The heater in your link is less than a kW. It may be sufficient for a smallish bedroom, provided the weather is not too cold.
How do you heat your hot water?
I presume your flat has no gas supply.
My neighbours have replaced electric storage heaters with Fischer electric heaters that you can control the room temperature. They seem very efficient but expensive to buy I think. My old storage heaters get hot but don't heat the room very well, the floor especially always feels cold. We have no gas here.
a kilowatt is a kilowatt is a kilowatt, however much babble there is in the ad campaign. All electric heaters have the same efficiency.
if you are on an economy 7 tariff, the day rate will be high so running the heaters on that will cost you more. A storage heater is a brick that heats up - what makes you think they are worn out?

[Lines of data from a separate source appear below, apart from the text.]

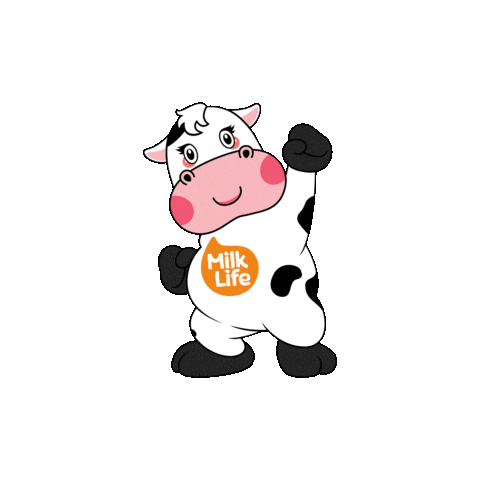 milklifeid giphyupload milli milklife milk life Sticker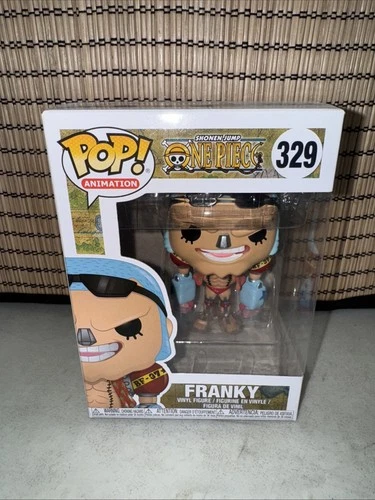 Funko Pop! Animation One Piece  Franky #329 Vinyl Figure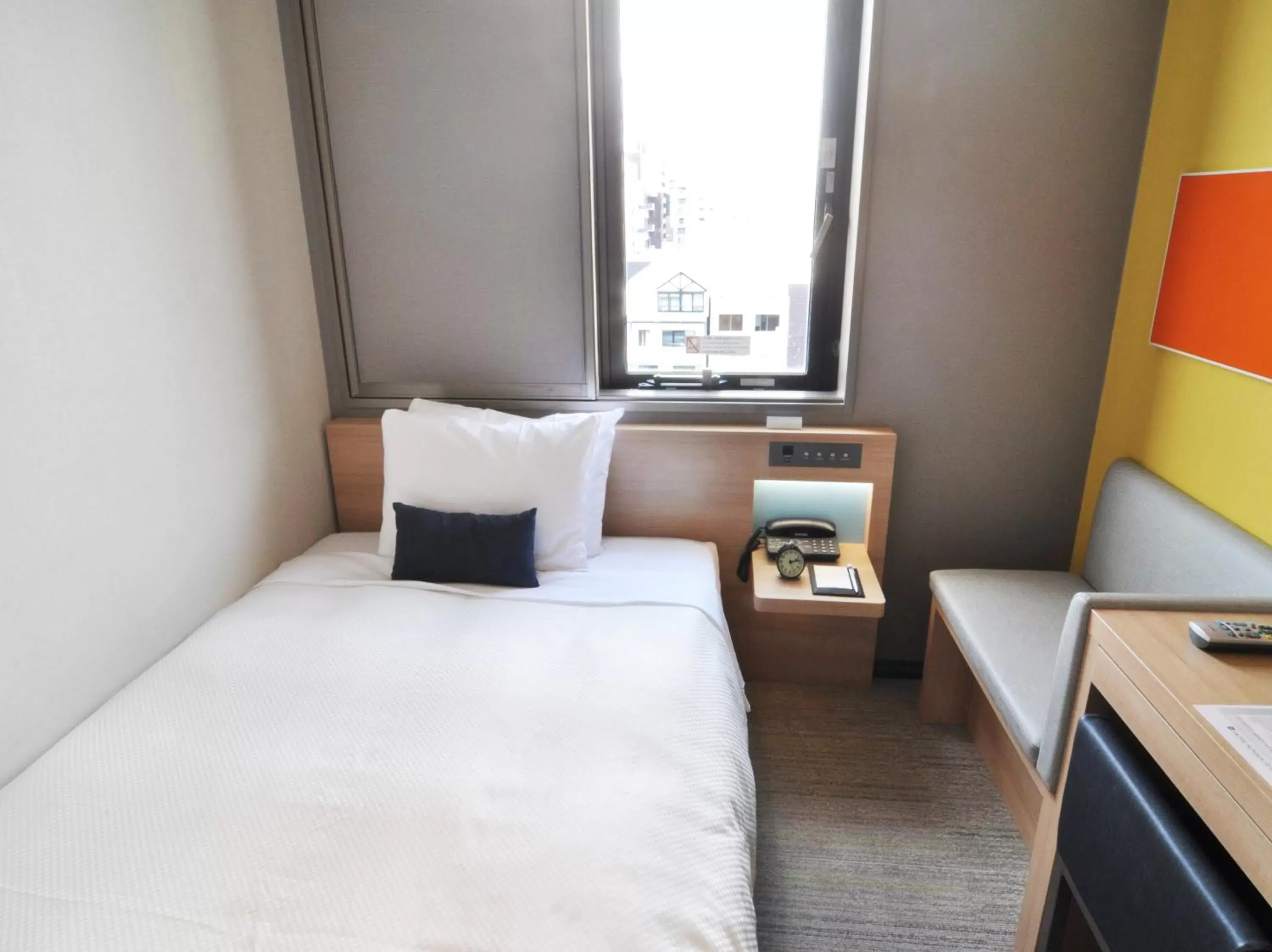 Bedroom, Bed in Sotetsu Grand Fresa Osaka-Namba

not my heater but mine looks like this and in a very similar state: i454.photobucket.com/albums/qq262/Dalecarface/Mainstorage.jpg
it's ugly! and also sometimes won't switch on properly.
i'm not in during the day so i feel like i'm not getting the most out of storage heaters.

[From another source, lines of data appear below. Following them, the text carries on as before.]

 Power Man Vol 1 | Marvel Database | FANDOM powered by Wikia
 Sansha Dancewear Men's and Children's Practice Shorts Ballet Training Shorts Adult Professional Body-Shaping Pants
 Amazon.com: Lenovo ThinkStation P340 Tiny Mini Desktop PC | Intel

there's also this one: www.argos.co.uk/product/4154086
i have an immersion tank to heat water. yes no gas annoyingly.
no heater is a pretty thing.
if it doesn't switch on properly that needs fixing. Are you on economy 7? Can you get economy 10? Are you heating your water in the cheap rate?
the Argos heater will cost you 2.5 times your unit rate per hour to run.

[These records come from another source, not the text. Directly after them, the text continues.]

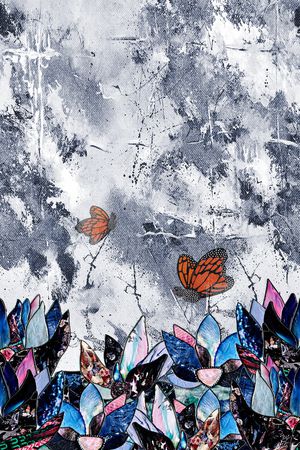 泼墨印花华亿平台图片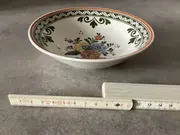 Vorschaubild 4 von Dekoschale Alt Amsterdam Porzellan Blumen 16cm Weiß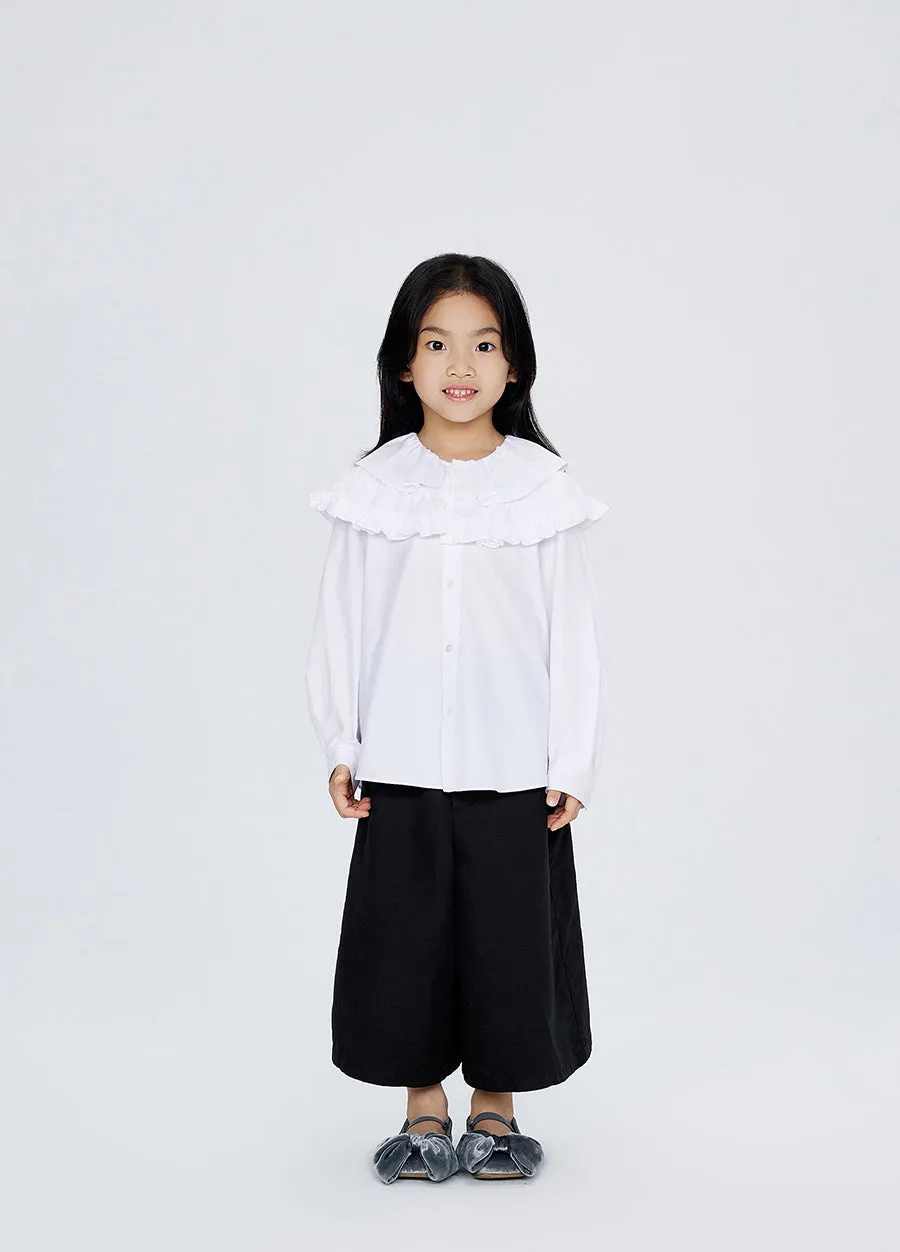 Shirt / jnby by JNBY Twill Loose Fitting Long-sleeved Shirt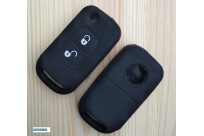 Силиконовый чехол на ключ Mercedes-Benz s e SL ML (2 кнопки)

With no gas you don't have an alternative really.
As you are not at home during the day, you will not be getting the best use out of storage heaters, though it is rumoured that more modern ones are better insulated and more able to stay hot until evening.
Does your bedroom get too cold overnight?
What are the dimensions and colour of your hot water cylinder? There may be scope for improving economy.
Do you know your meter reading history? (not the bill amount).
It would be useful to know you peak/offpeak usage in winter and in summer.
OK, thanks, I see the photo of the heater. To me it just looks very dirty, and I think there is fluff or thick dust in the slots, which might vacuum out. It is possible to take the covers off, but it would be best to have an electrician do that, safely.
Is the paint actually damaged, for example chipped or scratched by having things dropped on it?
You could buy new heaters, but apart from being clean and unchipped, there might not be any benefit.
It's possible to buy new heaters which incorporate both storage and a convection or fan heater. They cost some hundreds of pounds. It is usual to have them fitted by an electrician, because they are delivered as an electric heater (quite light) and a pallet of thermal bricks which are assembled inside the heater casing once it is installed.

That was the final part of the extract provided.